▶ _Dataset extract_
Content starts

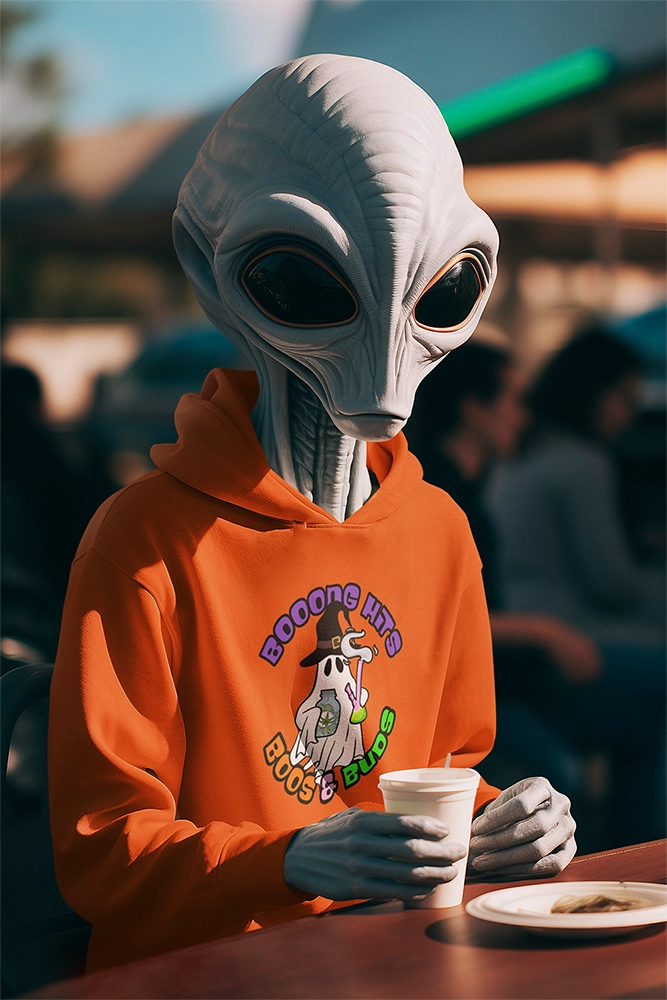 Alien sitting drinking coffee wearing Boong Hits Boos & Buds Hoodie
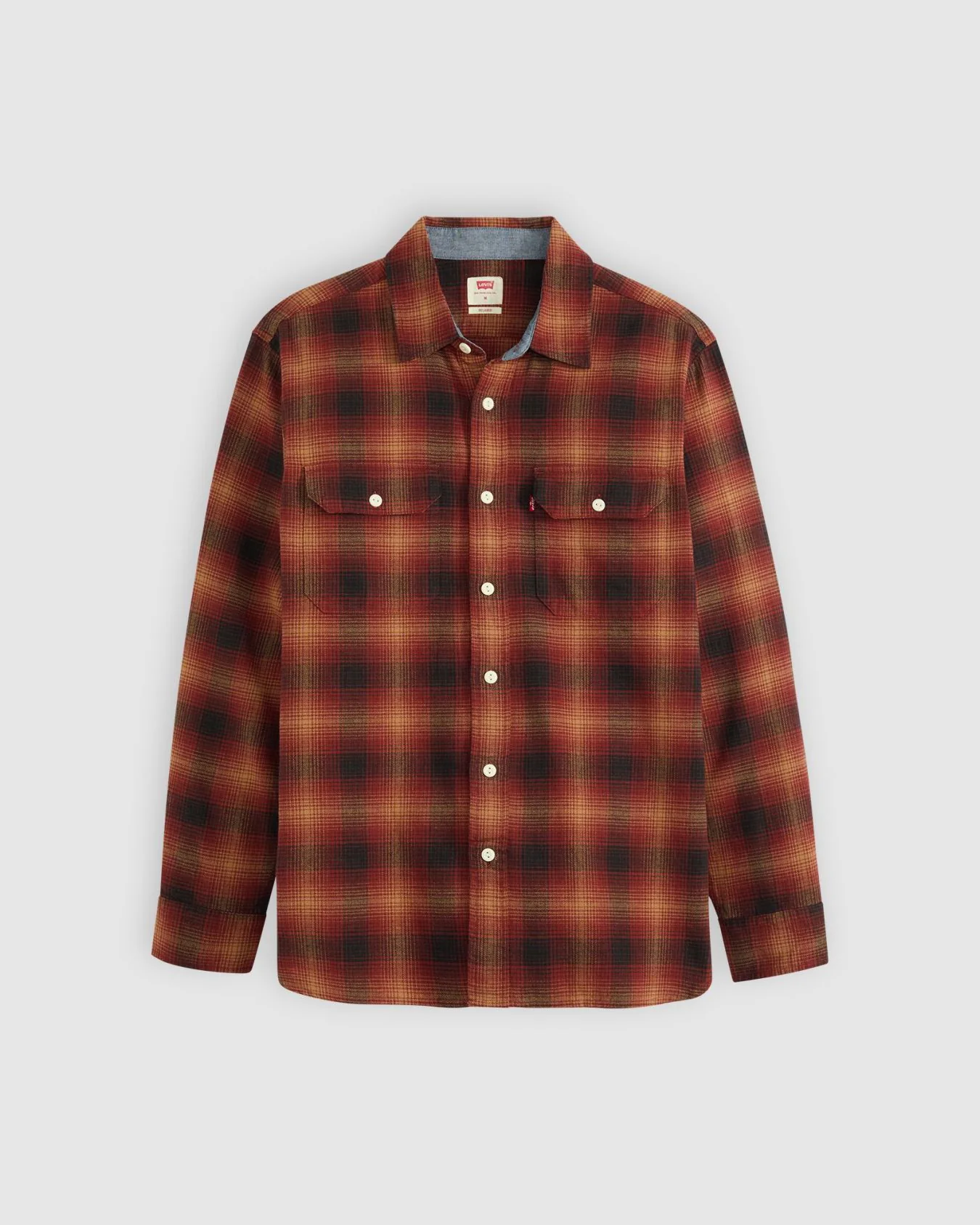 Levi's® Classic Worker Shirt - Scottie Plaid Tobacco Brown Flannel - Image 6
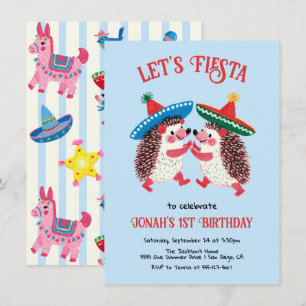 Mexican Fiesta Birthday Party Hedgehogs Invitation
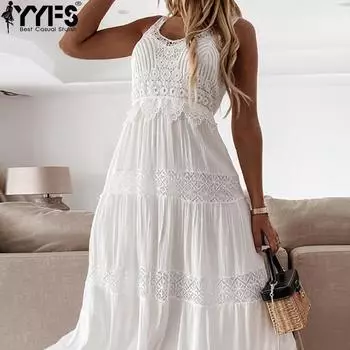 YYFS женские модные летние весенние однотонные повседневные платья без рукавов с v-образным вырезом и высокой талией M белый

Content ends

▶ _What the exercise asks_
Please give again, word for word, the lines from the one containing "Mexican Fiesta Birthday" through the last line of the listing above, inclusive, and leave out pictures.

▶ _Exercise solution_
 Mexican Fiesta Birthday Party Hedgehogs Invitation
 YYFS женские модные летние весенние однотонные повседневные платья без рукавов с v-образным вырезом и высокой талией M белый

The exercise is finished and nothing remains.